ACTIVE REST: In most cases it is recommended to treat the first 1-2 weeks of an extended break as a period of ‘active rest’ in the same way that an athlete would approach the start of an ‘off-season’. When workload has been high and the body has been pushed to it’s limits it is imperative to allow some time for both soft tissue and the neurological system to recover. Active rest involves light movement or activity that places minimal stress on the joints and physiological system so that the person is able to keep moving without eliciting a level of stress that hinders the recovery process. It can be as structured as a pilates or yoga class, light cardio or gym session or can be as casual as going for a jog on the beach or playing frisbee with friends.

Active rest is advised over passive or complete rest for a number of reasons including but not limited to:

* Enhanced recovery process due to increased blood flow etc.
* Decreased muscle tightness and general stiffness
* Hormonal responses that contribute to mood regulation
* Helps maintain strength, fitness and range of motion
* Decreases likelihood of niggles or overuse injuries when dance or exercise is resumed.

AEROBIC FITNESS: The point of maintaining aerobic fitness is not only to ensure you can make it through a class or a routine. Increasing aerobic fitness also has a massive impact on your body’s ability to recover both day to day, week to week and when rehearsal or performance volumes increase. Working on this area requires a combination of aerobic cardio (i.e running, bike, rower etc) and also full body weights based training incorporating bodyweight to light weight exercises, high volume with minimal rest. These sessions could be circuit style sessions or class based and exact intensities depend on exactly which component of the cardiovascular system you are wanting to improve.

CORE STRENGTH, FLEXIBILITY: These are all areas that come naturally to a lot of dancers however even a small decline in any one of these things can increase the risk of injury or have an impact on aesthetics or control of movement. Incorporating a combination of activities such as yoga and pilates can be a good option and it is also advisable to maintain a regular routine of stretching and flexibility right through the break. Additionally methods such as foam rolling, trigger ball release and voodoo banding can be used to help maintain soft tissue and generally joint mobility.
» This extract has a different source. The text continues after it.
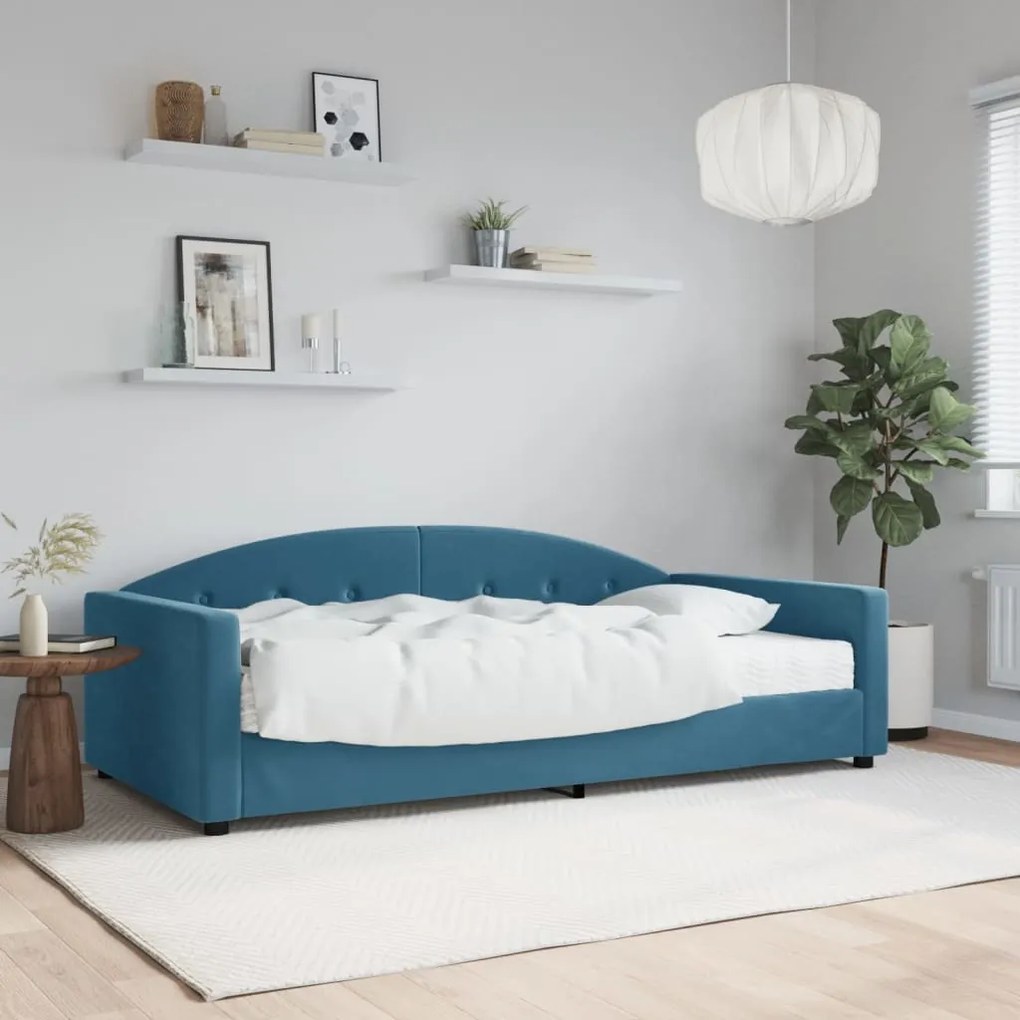 Sofá-cama com colchão 100x200 cm veludo azul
STRENGTH & POWER: There is huge variability here depending on your style of dance, your current areas of strength and your areas in need of improvement. Areas of focus can include:

* Joint control & stability
* Lower Body Strength & Power
* Upper Body Strength and Overhead lifting abilities
* Core strength and overall control
* Force transfer
* Jumping and landing mechanics

As a full time dancer it’s wise to think of at least the second half of your break as an opportunity to build yourself to be able to comfortably handle and recover from a full dance load. This could be done with a combination of class work (perhaps including alternative styles to what you do most of your training in), work in the gym or even other outdoor activities or exercise. Everybody’s holiday maintenance plan will look a little bit different depending on individual strengths and weaknesses, predominant style, body type etc. Regardless of how you choose to approach it you should see it as an excellent opportunity for rest and rejuvenation as well as a chance to improve in areas you cannot focus on when your classes, rehearsals and performances are priority.